───── Data to use ─────

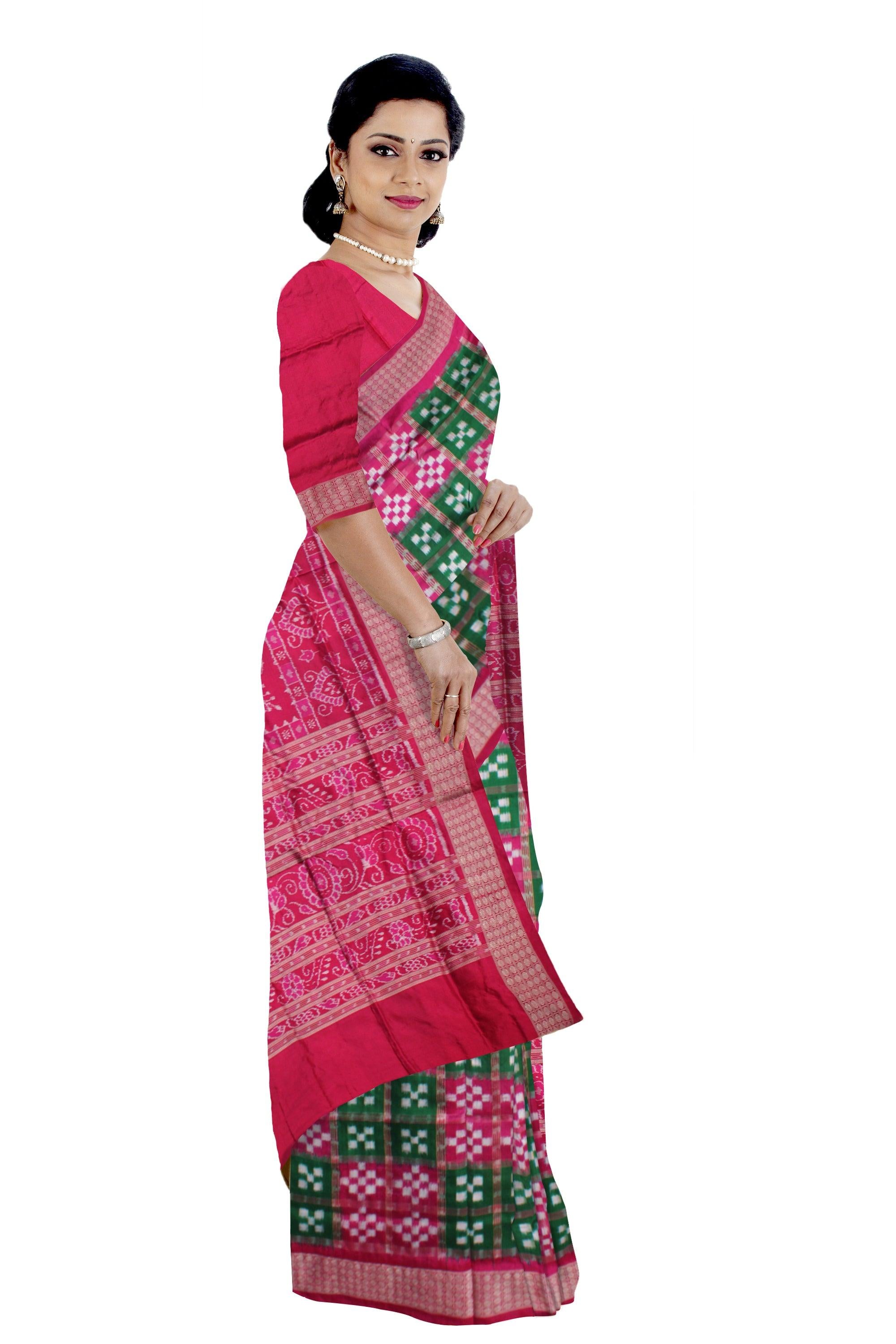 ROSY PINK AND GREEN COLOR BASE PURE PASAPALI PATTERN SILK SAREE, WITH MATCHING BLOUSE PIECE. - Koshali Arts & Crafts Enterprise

─────
───── Data to use ─────

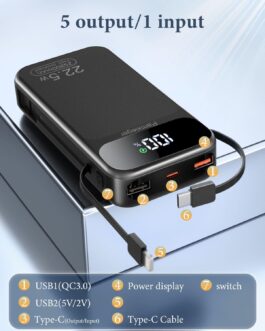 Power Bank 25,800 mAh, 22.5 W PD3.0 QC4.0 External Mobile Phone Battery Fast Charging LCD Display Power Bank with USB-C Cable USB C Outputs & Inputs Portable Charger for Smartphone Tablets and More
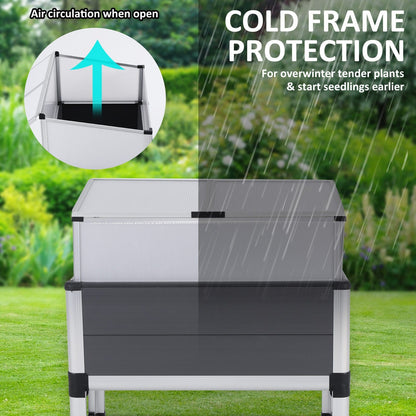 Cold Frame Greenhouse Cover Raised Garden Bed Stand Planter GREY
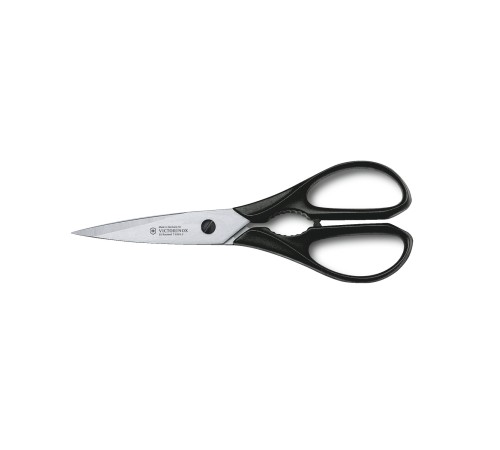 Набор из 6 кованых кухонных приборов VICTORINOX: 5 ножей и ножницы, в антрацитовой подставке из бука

─────
───── Data to use ─────

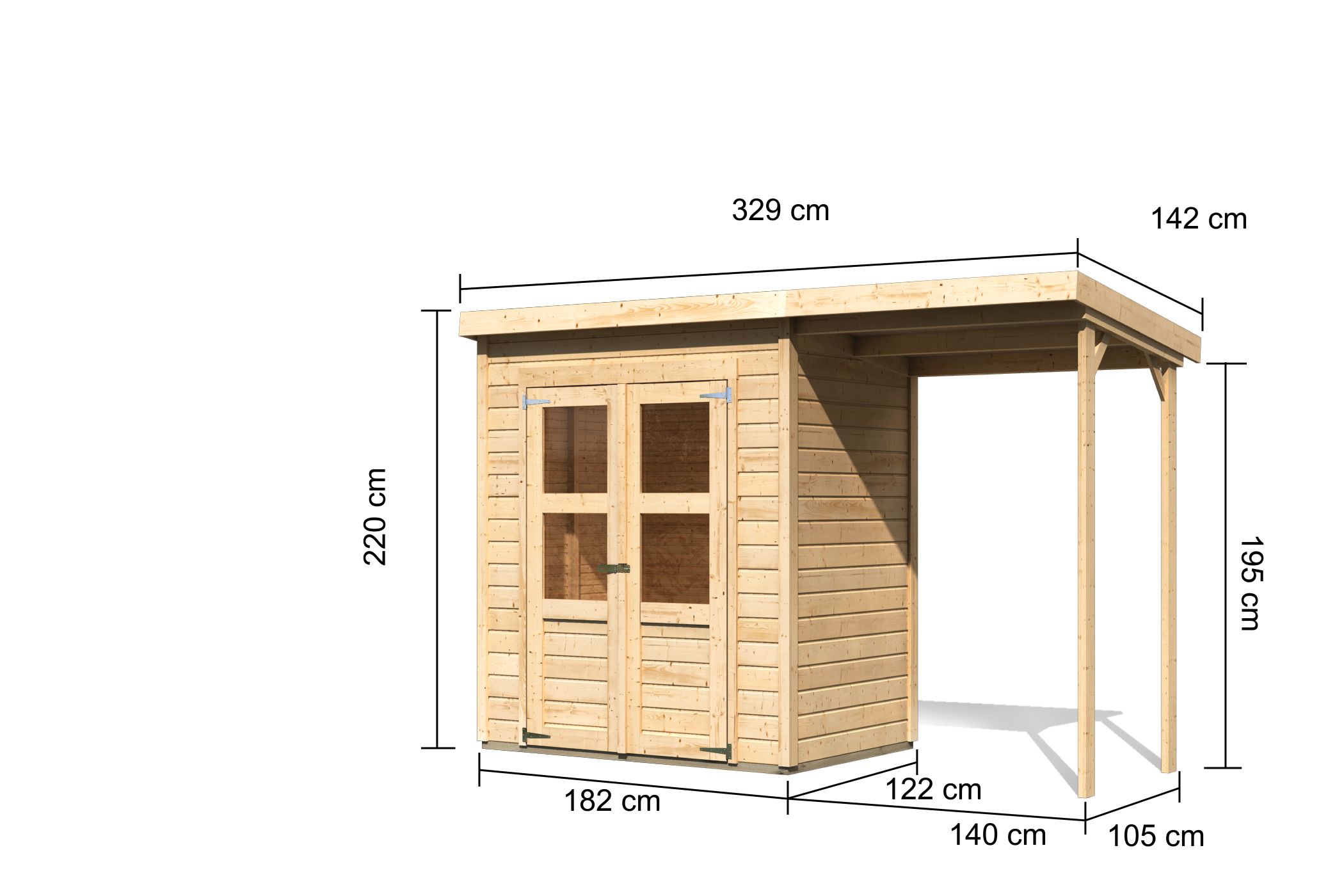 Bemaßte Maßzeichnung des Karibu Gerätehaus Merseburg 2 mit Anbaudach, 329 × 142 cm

─────

_Your task_
An exact copy is needed of the stretch above that opens with the line containing "Cold Frame Greenhouse" and closes with the line containing "Набор из 6 кованых"; the pictures are not part of it.

_Response to this task_
 Cold Frame Greenhouse Cover Raised Garden Bed Stand Planter GREY
 Набор из 6 кованых кухонных приборов VICTORINOX: 5 ножей и ножницы, в антрацитовой подставке из бука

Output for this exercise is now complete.